Google links redirecting me to saved page

April 28, 2011 at 13:48:26
Specs: Windows 7
Everytime I click on a link with google in it (even my searchbar) it redirects me to a saved page in my hard drive... file:///C:/Users/Home/AppData/Roaming/Firefox_toolbar/Firefox%20toolbar/ is the link it is redirecting me to...I know that is a saved page on my hard drive but if I delete it things get worse so I restored it.

See More: Google links redirecting me to saved page

Report •

April 28, 2011 at 15:22:01
Brent Kirk,

Try the following:

Download TDSSKiller from the following link:
Save it to the Desktop.

If you cannot download the file, the malware may be blocking the attempt. You need to download ith file to a clean computer and then transfer it to the infected one using a USB flash drive, or external media (an external drive or a CD) .

Once the file is on the Desktop, right-click on the TDSSKiller.exe icon and select: Rename.
Name it a random name with a .com extension. For example:

Now, double-click on the renamed file to launch it. If you receive a warning from Publisher: Kaspersky Lab asking if you want to run the file, click on the Run button to allow TDSSKiller to run.

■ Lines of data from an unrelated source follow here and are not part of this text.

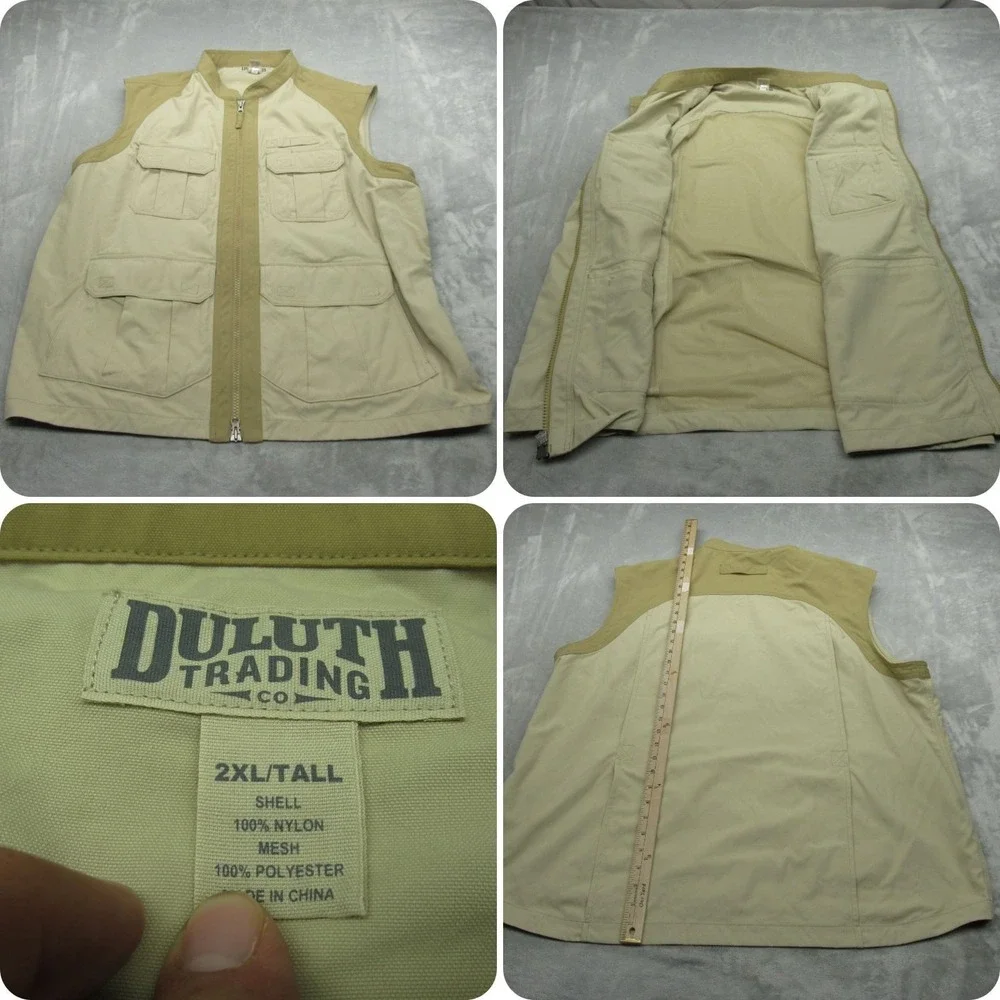 Duluth Trading Co Vest Mens 2XL Tall Beige Full Zip Dry On Fly Hunt‎ Shooting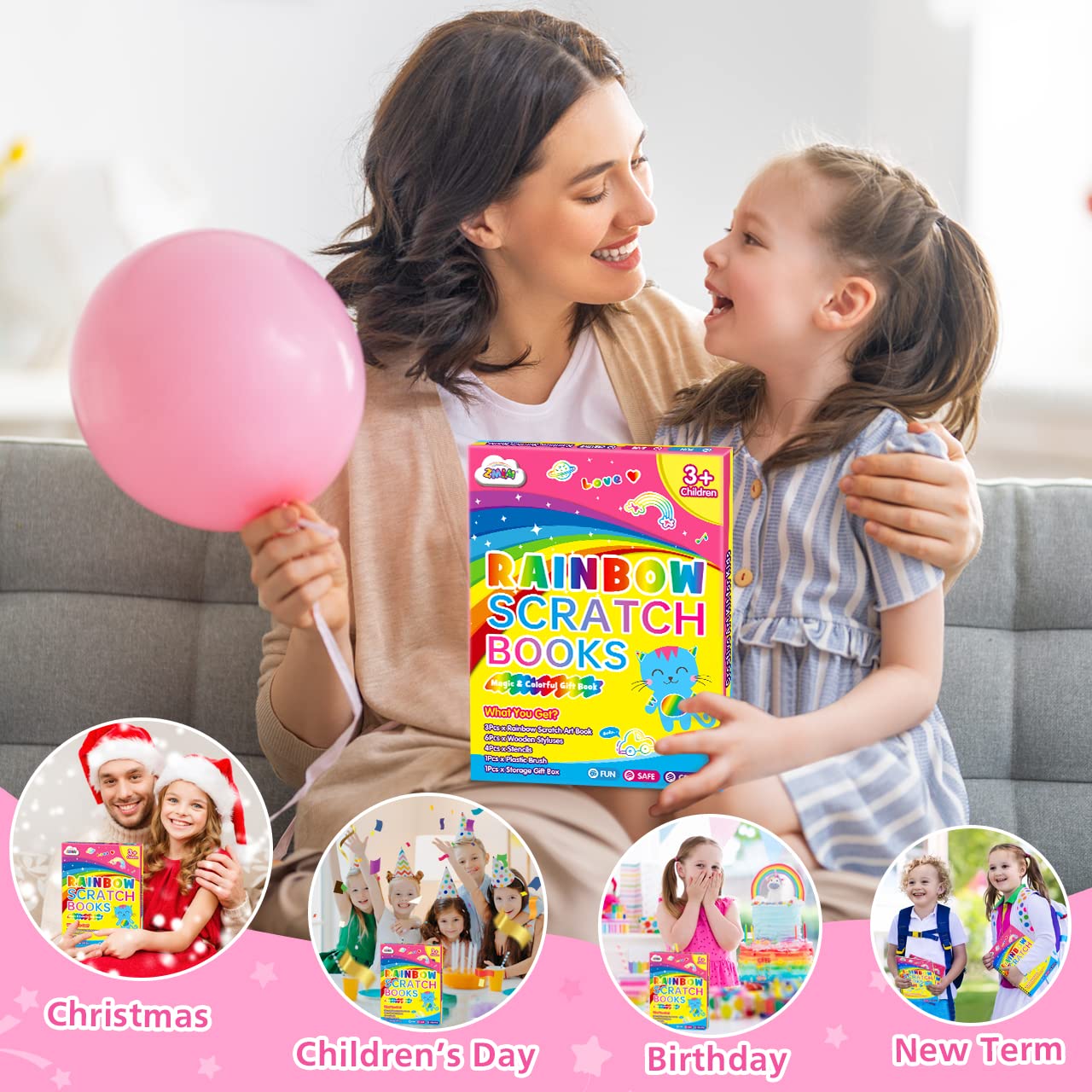 Foto 7 pulgar | Venta Internacional - Set De Papel Para Rascar Zmlm Rainbow Art Craft Para Niños De 3 A 6 Años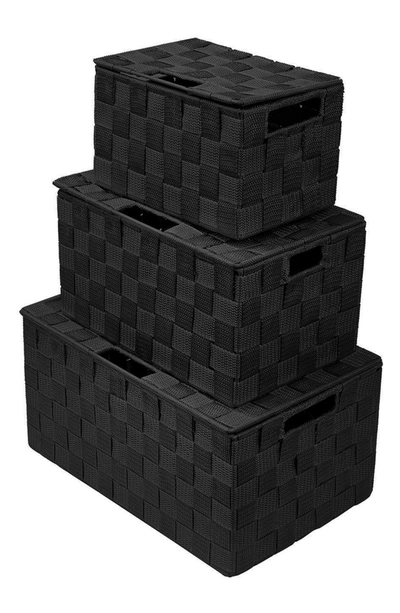 Sorbus Woven 3-piece Storage Box Set In Black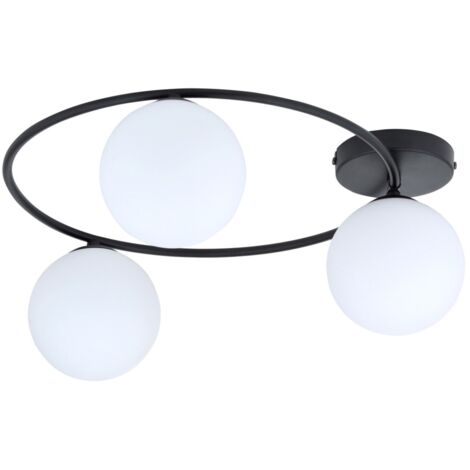 Plafonnier métal Emibig Sopra 3 feux 3xE14 noir/blanc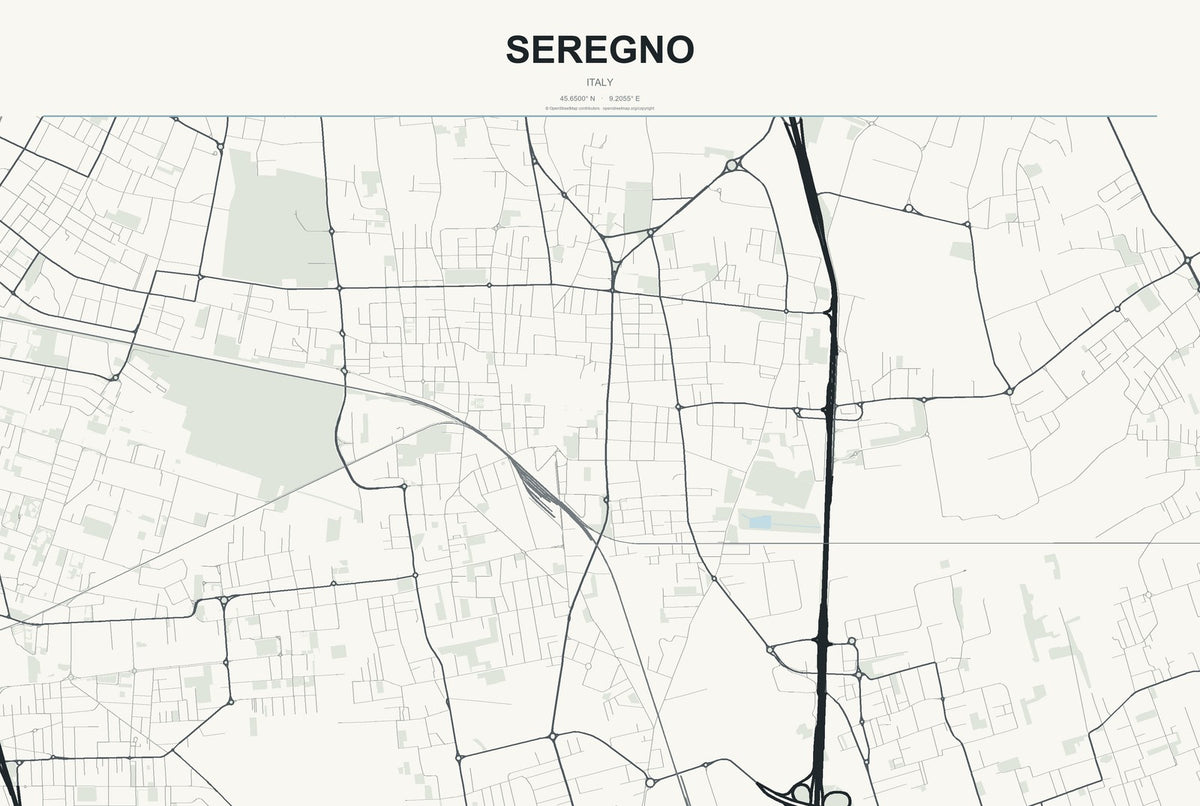 Seregno, Italy City Map Aluminum Sign in Headline Atlas style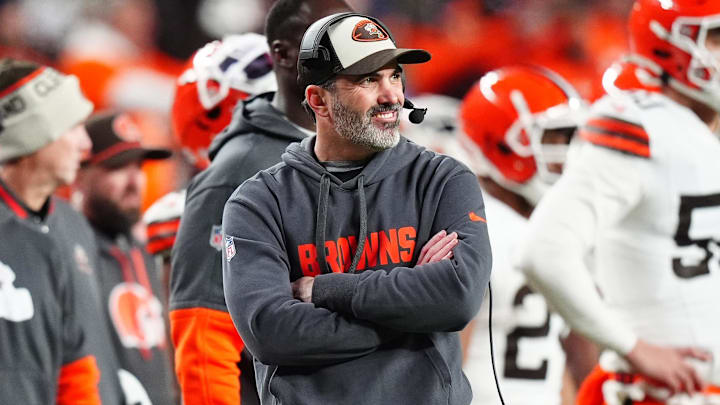Dec 2, 2024; Denver, Colorado, USA; Cleveland Browns head coach Kevin Stefanski during the second quarter against the Denver Broncos at Empower Field at Mile High.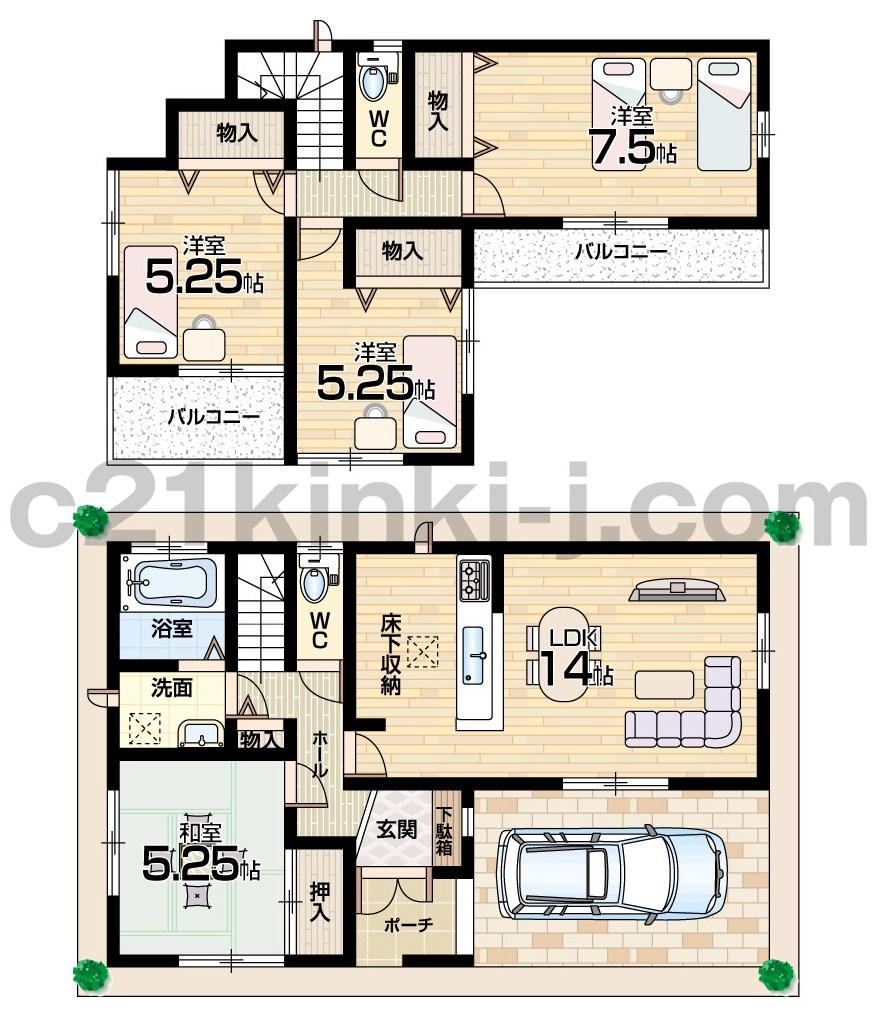 Floor plan. (No. 2 locations), Price 27,800,000 yen, 4LDK, Land area 86.75 sq m , Building area 89.84 sq m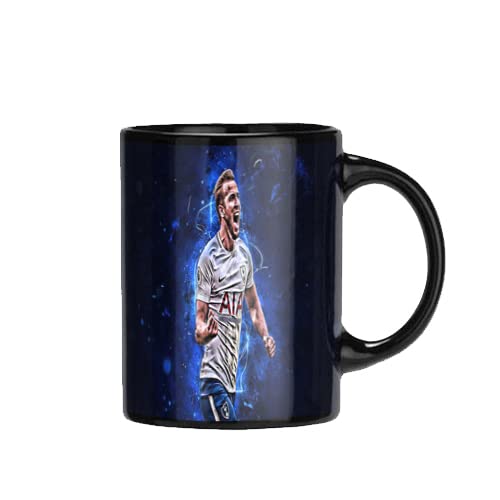 Harry Kane Tottenham Football Printed Black Ceramic Coffee Mug. (350ml,Pack of 1)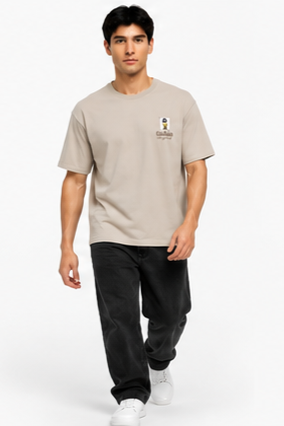 Men's Oversized Graphic Print Round Neck T-Shirt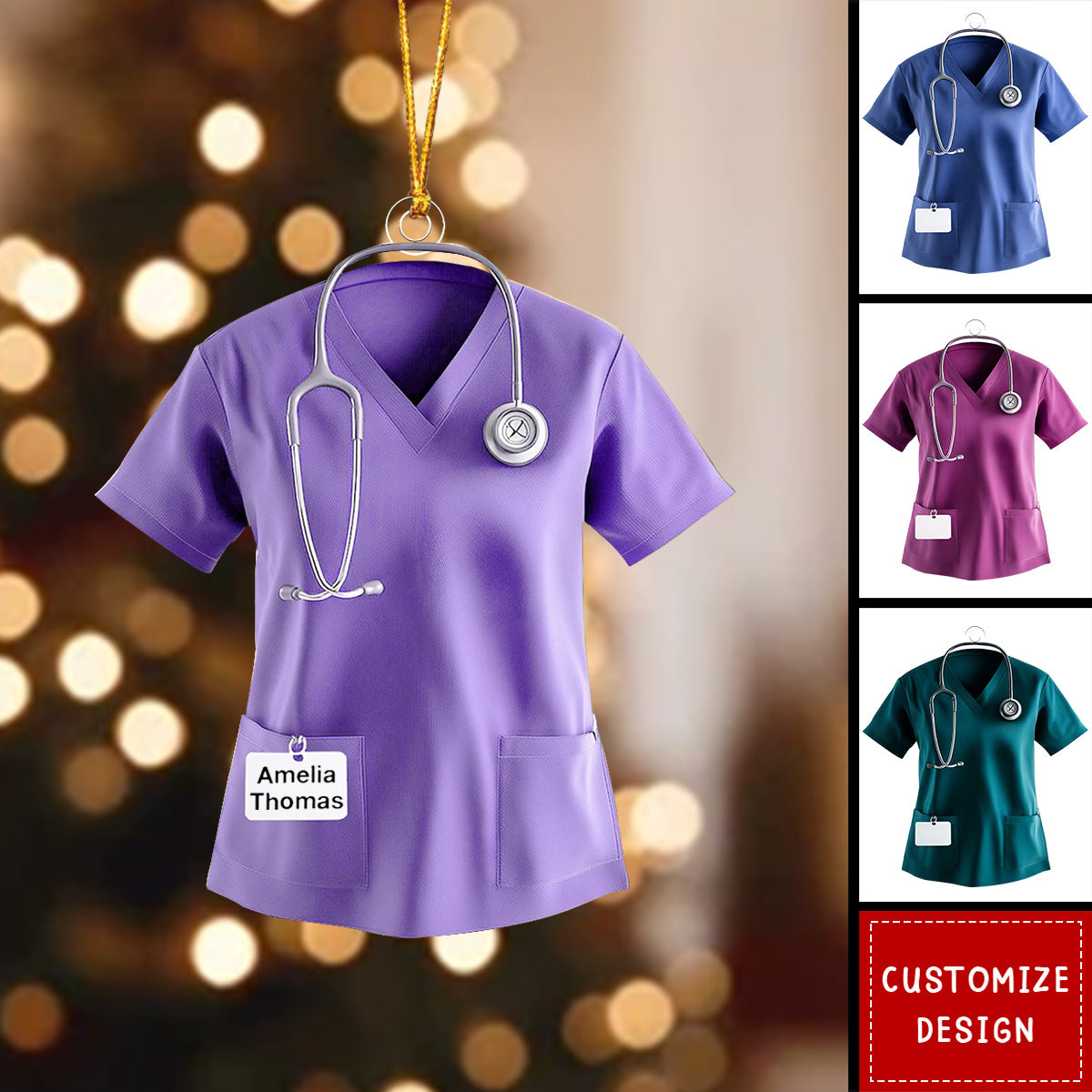 Personalized Scrub Acrylic Christmas Ornament-2024 New Release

When TDSSKiller starts, it displays the welcome screen.
Click on the Start Scan button.

When the scan finishes it displays a results screen stating whether or not the infection was found on your computer.

To remove the infection, click on the Continue button. If it does not say Cure on the results screen, leave it at the default action of Skip, and press the Continue button. Do not change to Delete or Quarantine as it may delete infected files that are required for Windows to operate properly.

When TDSSKiller finishes cleaning the infection, a report stating whether or not it was successful is shown.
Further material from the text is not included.